The timelike data on the charged K-meson EM structure are contained in the measured total cross section \(\sigma ^{bare}_{tot}(e^+e^- \rightarrow K^+ K^-)\). To evaluate these data from \(\sigma ^{bare}_{tot}(e^+e^- \rightarrow K^+ K^-)\), no extra nonphysical assumptions are needed, unlike in the case the nucleon “effective” FF data from \(\sigma ^{bare}_{tot}(e^+e^- \rightarrow p {\bar{p}})\), because there is only one function \(|F_K^{\pm }(s)|\) completely describing the measured total cross section of the electron-positron annihilation into \(K^+K^-\) pair. The \(|F_K^{\pm }(s)|\) with errors is calculated by means of the following relation

$$\begin{aligned} |F_{K^{\pm }}(s)|\,=\,\sqrt{\sigma ^{bare}_{tot}(e^+e^- \rightarrow K^+ K^-)\frac{3s}{\pi \alpha ^2C_K{^{\pm }}\beta ^3_K{}^{\pm }}}\nonumber \\ \end{aligned}$$

(4)

with \(\beta _K{^\pm }(s)\,=\,\sqrt{1-\frac{4 m^2_K{^\pm }}{s}}\), \(\alpha \) = 1/137 and where \(C_K{^\pm }\,=\,\frac{\pi \alpha / \beta _K{^{\pm }}(s)}{1-\exp (-\pi \alpha / \beta _K{^{\pm }}(s))}\) is the so-called Sommerfeld-Gamov-Sakharov Coulomb enhancement factor [12] of charged kaons, which accounts for EM interaction between the outgoing \(K^+K^-\). The total cross section data we use in (4) will be taken from two recent ISR measurements of the process \(e^+e^- \rightarrow K^+ K^-(\gamma )\), one from [17] for \(s<25\) GeV\(^2\), and another from [18] in the range 6.76 GeV\(^2\) \(<s<\) 64 GeV\(^2\) and also from the measurement [19] for 4.0 GeV\(^2\) \(\le s \le \) 9.49 GeV\(^2\), which achieved the best precision for the process \(e^+e^- \rightarrow K^+ K^-\) at a number of c.m. energies by the scan method with the BESIII detector at BEPCII. All these three data sets are graphically presented in Fig. 2 and the region (2–7) GeV\(^2\) is in more detail shown in Fig. 3.

Fig. 3

The data on \(|F_{K^{\pm }}(s)|\) at the region 2–7 GeV\(^2\) in more detail

As one can see from Fig. 2, the data in [17] above 6.5 GeV\(^2\) are very scattered, even in some points inconsistent. As a result it is impossible to achieve a statistically acceptable \(\chi ^2/ndf\) value in the description of such data. Fortunately, the same experimental BABAR group in the paper [18] repeated measurements of the \(e^+e^- \rightarrow K^+ K^-\) process from 6.76 GeV\(^2\) to 64 GeV\(^2\) and obtained more precise and reliable data. Hence we have excluded all data from [17] in the energies 6.76 GeV\(^2\)–25 GeV\(^2\) and substituted them by more precise data from [18]. Moreover, we also did not consider the scan data measured by BESIII collaboration [19] in the range (4\(-\)9.49) GeV\(^2\) because they are in tension with the selected data from [17] and [18].

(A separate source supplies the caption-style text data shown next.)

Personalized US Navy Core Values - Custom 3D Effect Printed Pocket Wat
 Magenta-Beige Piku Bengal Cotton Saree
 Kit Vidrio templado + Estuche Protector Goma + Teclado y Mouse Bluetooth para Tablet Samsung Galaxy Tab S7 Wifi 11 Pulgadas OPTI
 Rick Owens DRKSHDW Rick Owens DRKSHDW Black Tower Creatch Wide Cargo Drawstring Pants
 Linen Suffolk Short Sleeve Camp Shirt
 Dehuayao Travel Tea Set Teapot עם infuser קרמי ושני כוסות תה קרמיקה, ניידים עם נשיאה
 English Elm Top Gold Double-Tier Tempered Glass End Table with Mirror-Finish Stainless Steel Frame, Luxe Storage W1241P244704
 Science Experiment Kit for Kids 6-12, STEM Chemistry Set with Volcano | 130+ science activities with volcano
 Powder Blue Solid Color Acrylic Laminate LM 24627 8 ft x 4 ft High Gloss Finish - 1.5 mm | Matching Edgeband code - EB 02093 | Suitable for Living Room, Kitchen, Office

In order to investigate possible oscillatory structure from the charged K-meson EM FF timelike data by using the same procedure as for the proton, the modification of the formula (3) has been made, in the sense that the magic nucleon number 0.71 GeV\(^2\) was left as a free parameter A3 in our analysis. Then the best description of the data in Fig. 2 is achieved with A3 = \(0.8403~\pm ~0.0024\) GeV\(^2\), \(m^2_a\) = \(0.2400~\pm ~0.0709\) GeV\(^2\) and A = \(5.14773~\pm ~0.0013\), and is graphically presented in Fig. 4 by the dashed line. If dashed curve data are subtracted from the selected charged K-meson FF data with errors damped oscillating structures are observed around the line crossing the zero as seen in Fig. 5.

Fig. 4

Charged kaon EM FF data described by dashed line as generated by the modified three parametric formula (3)

Fig. 5

Damped oscillation structures revealed by a subtraction of dashed line data in Fig. 4 from selected \(|F_{K^{\pm }}(s)|\) data with errors

Next we will show that when charged K-meson data are accurately described by some proper physically well founded model of the K-meson EM structure, no damped oscillatory structures are observed.

We will use the model that has been suggested in the paper [20] as the universal Unitary and Analytic (U &A) EM structure model of hadrons and which unifies three aspects:

1. 1.

   The experimental fact of a creation of unstable vector-meson resonances (see [21]), mainly identified in the electron-positron annihilation processes into hadrons;

2. 2.

   A two square root branch cut approximation of the analytic properties of FFs in the complex plane of c.m. energy squared s;

3. 3.

   The correct asymptotic behavior of FFs as predicted by the quark model of hadrons.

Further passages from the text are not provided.